Written by Dave Stevenson

Welcome to Part 2 of our discussion regarding appropriate rain screen and venting applications for SIP walls. You may recall that in the previous blog we dealt with HVAC requirements for buildings built with Insulspan SIPs. [SIP Ventilation Part 1]

Venting (rain screen) requirements for SIP wall designs
The short answer to the question whether exterior wall cladding design requires venting is ‘No’. SIP walls don’t always have to be vented, but because all exterior claddings pass some rain water, especially wind driven rain, SIP wall design should always include some form of a secondary drainage plane. A ‘drainage plane’ is defined as any water repellent material, such as building paper or house-wrap, that is located behind the cladding and designed to drain water that gets past the cladding downwards and outwards.
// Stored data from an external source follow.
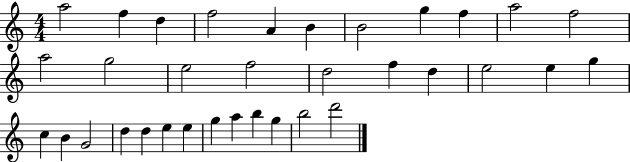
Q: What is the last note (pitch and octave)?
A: D6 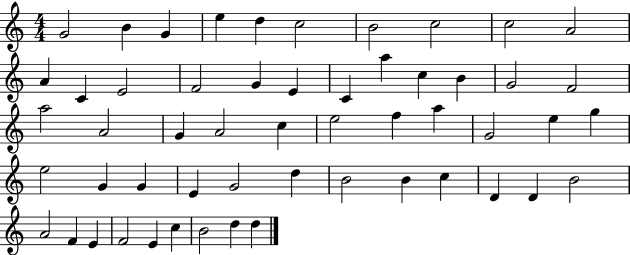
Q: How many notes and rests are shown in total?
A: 54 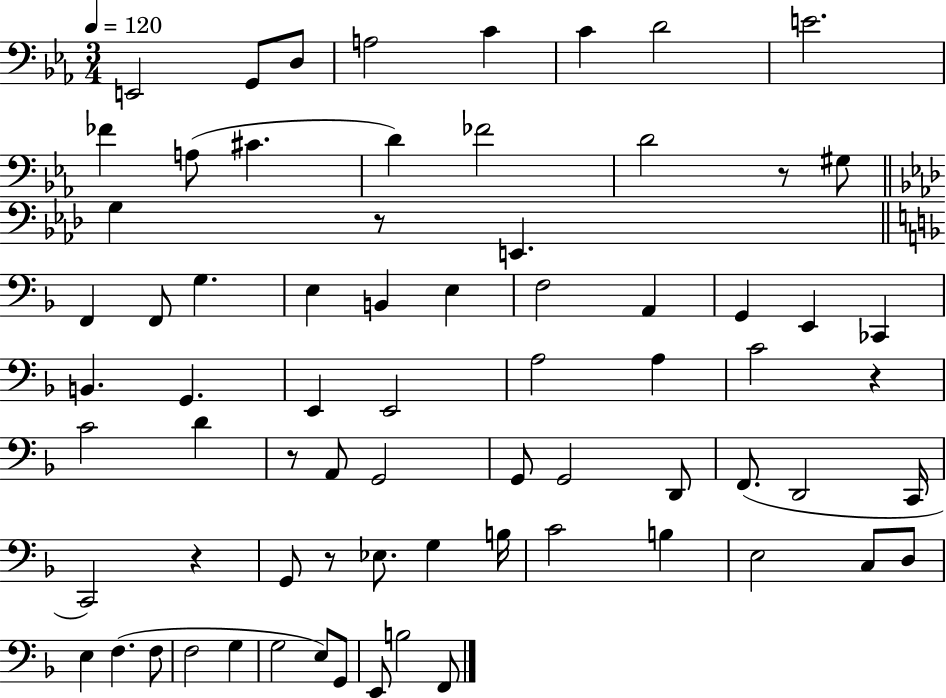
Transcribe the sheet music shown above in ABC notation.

X:1
T:Untitled
M:3/4
L:1/4
K:Eb
E,,2 G,,/2 D,/2 A,2 C C D2 E2 _F A,/2 ^C D _F2 D2 z/2 ^G,/2 G, z/2 E,, F,, F,,/2 G, E, B,, E, F,2 A,, G,, E,, _C,, B,, G,, E,, E,,2 A,2 A, C2 z C2 D z/2 A,,/2 G,,2 G,,/2 G,,2 D,,/2 F,,/2 D,,2 C,,/4 C,,2 z G,,/2 z/2 _E,/2 G, B,/4 C2 B, E,2 C,/2 D,/2 E, F, F,/2 F,2 G, G,2 E,/2 G,,/2 E,,/2 B,2 F,,/2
Whether ventilation in the form of an air space is required between the sheathing and the cladding depends partially on the type of siding being applied, the climate where you are building, and also on what the local building code has to say about the matter.
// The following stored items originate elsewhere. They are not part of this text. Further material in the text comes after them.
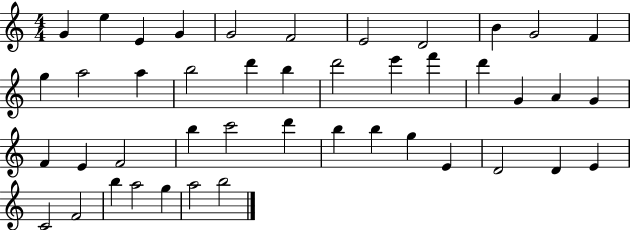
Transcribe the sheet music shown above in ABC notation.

X:1
T:Untitled
M:4/4
L:1/4
K:C
G e E G G2 F2 E2 D2 B G2 F g a2 a b2 d' b d'2 e' f' d' G A G F E F2 b c'2 d' b b g E D2 D E C2 F2 b a2 g a2 b2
I can’t comment on every local building code, except to say that the builder should be aware of the specific requirements and apply the cladding accordingly.

As for the type of cladding being applied, only vinyl and aluminum siding should be applied over a sheathing membrane applied to the exterior OSB facer of a SIP wall. This is because they are inherently ‘back ventilated’ due to their profile.
Wood siding and cement fiber board siding should be furred out using spacer strips that are applied over the drainage plane and can be as thin as ¼”, but again this will depend upon the local code requirements and cladding suppliers’ requirements.

For cedar shingles, stucco and stone veneers – drainage mats made of polypropylene mesh resembling large rolls of plastic Brillo pad® work very well. The cedar shingles can be applied directly over the drainage mats, but with the stucco and stone finishes, a layer of ‘tar paper’ should be installed over the mat to keep it from becoming clogged. (Reference Builder’s Guide to Structural Insulated Panels by Joseph Lstiburek).

In summary; although not all cladding requires venting in the form of an air space, all exterior claddings do pass some rain water. So especially in areas where rain is common, it is probably prudent to couple the secondary drainage plane with a vented air space behind the cladding, regardless of what material is used.